# Hi Standard Sentinel



## bcd02 (Jun 6, 2012)

My father recently bought a Hi Standard Sentinel, as well as several other firearms, from a friends widow who was selling all of his firearms. My father is more into collecting than shooting, whereas I actually want to shoot.
I have been looking for a good 22 revolver for a little while now and have been having a hard time finding one that was something I wanted for a good price.
The sentinel is a 2" model with a bobbed hammer. Basically a CCW style pistol even though its only 22. 
Ideally I would want a pistol with something like a 3-4" barrel and a full hammer, but since I will probably be able to buy the sentinel from my father for a decent price I think I will just go with it.
I am currious how much I should pay him for it.
It has not been shot much, but has been scratched up some around the cylinder and top of the frame. It is blued with plastic grips, and like I said 2" barrel and bobbed hammer.
Anyone have any clue what this is worth?


----------



## TedDeBearFrmHell (Jul 1, 2011)

$60-75 in the condition described with an altered hammer


----------



## chessail77 (Mar 15, 2011)

You are looking for a shooter so appearance should not matter much, so 70-90 $ should be fair to you both.....JJ


----------



## Bisley (Aug 24, 2008)

I'm not familiar with the value of that model, but I do own a couple of Hi-Standard .22s. They made a very good low-end firearm for a long time, making a lot of good, cheap rifles for companies like Sears and Western Auto. They also sold some match grade .22 semi-auto pistols and bolt action rifles to the Army and National Guard. 

I would recommend purchasing any Hi-Standard that has not been abused and can be had for a decent price.


----------



## bcd02 (Jun 6, 2012)

Thanks for the recommendations.
Hopefully I'll be able to talk him down to around $75 then, he seams to think it's worth more like $200.
I may pay him that much even if it is too much just because its in family, but less would be better for me.

Also just to be clear about the pistol. The bobbed hammer is a design feature, this model of the pistol was produced that way, it was not an alteration.


----------



## TedDeBearFrmHell (Jul 1, 2011)

bcd02 said:


> ....Also just to be clear about the pistol. The bobbed hammer is a design feature, this model of the pistol was produced that way, it was not an alteration.

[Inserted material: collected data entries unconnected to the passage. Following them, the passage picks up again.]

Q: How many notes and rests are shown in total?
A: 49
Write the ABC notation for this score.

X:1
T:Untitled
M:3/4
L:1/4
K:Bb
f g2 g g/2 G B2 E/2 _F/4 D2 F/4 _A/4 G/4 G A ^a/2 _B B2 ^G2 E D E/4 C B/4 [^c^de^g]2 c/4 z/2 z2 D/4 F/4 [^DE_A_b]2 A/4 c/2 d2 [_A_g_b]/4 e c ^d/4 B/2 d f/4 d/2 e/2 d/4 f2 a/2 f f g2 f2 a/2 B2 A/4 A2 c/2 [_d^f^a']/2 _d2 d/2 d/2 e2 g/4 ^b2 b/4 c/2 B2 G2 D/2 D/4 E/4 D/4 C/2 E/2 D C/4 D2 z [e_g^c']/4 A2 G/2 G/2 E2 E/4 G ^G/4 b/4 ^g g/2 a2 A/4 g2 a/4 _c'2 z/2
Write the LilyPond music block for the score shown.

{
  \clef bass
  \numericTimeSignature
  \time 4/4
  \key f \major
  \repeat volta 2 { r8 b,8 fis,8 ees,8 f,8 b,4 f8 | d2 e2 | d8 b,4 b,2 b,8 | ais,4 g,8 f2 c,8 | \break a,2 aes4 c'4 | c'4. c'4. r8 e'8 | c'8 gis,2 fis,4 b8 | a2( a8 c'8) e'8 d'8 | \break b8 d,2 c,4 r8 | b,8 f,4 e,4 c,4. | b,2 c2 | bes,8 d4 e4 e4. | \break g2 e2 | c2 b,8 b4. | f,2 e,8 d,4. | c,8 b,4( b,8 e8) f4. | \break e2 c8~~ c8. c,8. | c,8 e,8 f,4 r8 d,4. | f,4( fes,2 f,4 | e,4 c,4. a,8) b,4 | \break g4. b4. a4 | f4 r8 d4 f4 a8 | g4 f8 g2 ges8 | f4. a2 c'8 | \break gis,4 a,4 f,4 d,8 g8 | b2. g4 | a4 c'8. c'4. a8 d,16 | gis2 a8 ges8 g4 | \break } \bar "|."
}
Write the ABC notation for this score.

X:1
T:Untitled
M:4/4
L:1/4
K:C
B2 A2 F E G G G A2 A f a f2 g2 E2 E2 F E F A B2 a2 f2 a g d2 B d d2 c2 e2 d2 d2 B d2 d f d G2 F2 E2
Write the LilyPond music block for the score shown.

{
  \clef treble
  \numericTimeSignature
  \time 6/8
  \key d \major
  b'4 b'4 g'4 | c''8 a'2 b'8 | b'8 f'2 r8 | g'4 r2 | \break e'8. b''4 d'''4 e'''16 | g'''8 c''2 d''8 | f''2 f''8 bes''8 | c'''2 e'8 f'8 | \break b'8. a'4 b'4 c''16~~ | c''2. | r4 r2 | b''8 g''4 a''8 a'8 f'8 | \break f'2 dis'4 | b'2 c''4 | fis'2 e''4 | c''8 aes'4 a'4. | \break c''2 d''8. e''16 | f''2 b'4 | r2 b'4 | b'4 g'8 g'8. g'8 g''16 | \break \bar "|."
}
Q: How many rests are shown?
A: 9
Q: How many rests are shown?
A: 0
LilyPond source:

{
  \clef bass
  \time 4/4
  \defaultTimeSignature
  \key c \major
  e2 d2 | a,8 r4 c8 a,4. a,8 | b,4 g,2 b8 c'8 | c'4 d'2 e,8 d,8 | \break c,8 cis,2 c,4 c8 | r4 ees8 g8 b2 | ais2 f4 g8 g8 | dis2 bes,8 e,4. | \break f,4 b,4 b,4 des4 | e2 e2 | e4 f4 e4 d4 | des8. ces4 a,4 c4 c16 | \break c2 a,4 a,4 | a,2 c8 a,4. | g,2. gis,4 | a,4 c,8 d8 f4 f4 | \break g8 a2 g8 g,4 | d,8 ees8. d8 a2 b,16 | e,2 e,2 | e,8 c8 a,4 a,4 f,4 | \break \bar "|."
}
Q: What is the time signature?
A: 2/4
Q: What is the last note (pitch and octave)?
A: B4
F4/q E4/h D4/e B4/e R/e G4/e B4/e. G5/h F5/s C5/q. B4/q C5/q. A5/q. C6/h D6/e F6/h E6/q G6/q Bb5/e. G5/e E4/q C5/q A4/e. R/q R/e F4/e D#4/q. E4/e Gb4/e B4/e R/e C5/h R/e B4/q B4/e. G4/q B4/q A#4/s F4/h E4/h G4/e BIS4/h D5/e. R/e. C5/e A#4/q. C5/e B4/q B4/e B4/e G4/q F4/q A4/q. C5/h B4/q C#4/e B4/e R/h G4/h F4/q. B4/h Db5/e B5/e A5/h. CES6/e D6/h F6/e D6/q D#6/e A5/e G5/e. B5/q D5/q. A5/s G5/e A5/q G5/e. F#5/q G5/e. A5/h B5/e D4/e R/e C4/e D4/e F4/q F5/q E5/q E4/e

i stand corrected, i didnt think that any of the sentinels came with a spurless hammer, but upon further research it looks like snubbie produced from 1957-59 were in fact spurless, in 1960 they went to the traditional hammer

thanks for pointing this out to me.... (avid collector of the hi standard double nine and double nine convertibles here)


----------



## bcd02 (Jun 6, 2012)

Yup.
The one I'm talking about is a R101. Produced somewhere between 56 and 59 I think.
I have to say cocking this pistol is a beast after you do it a dozen times, it really wears out th skin on your fingers. 
I think I'm going to try to find a regular hammer to have installed on this pistol.
I don't want it for CCW so there is really no purpose in having the bobbed hammer. 
The da trigger pull isnt bad but is pretty heavy so I plan on mostly shooting it sa. The sa trigger pull is somewhat heavy but really short and crisp and I like it.


----------



## dkool180 (Oct 20, 2012)

Greetings all
Just the other day bought a Sentinel R-102 from a guy who also has one of these snub nose bobed hammer models. It seemed to be a nice gun, but is single action ?? 
Anyone know if this gun was made as SA or is there something wrong with it? Cool as it would be to have it seems like it might be impossible to repair. 

Hope someone is still following this thread, thanks for your input


----------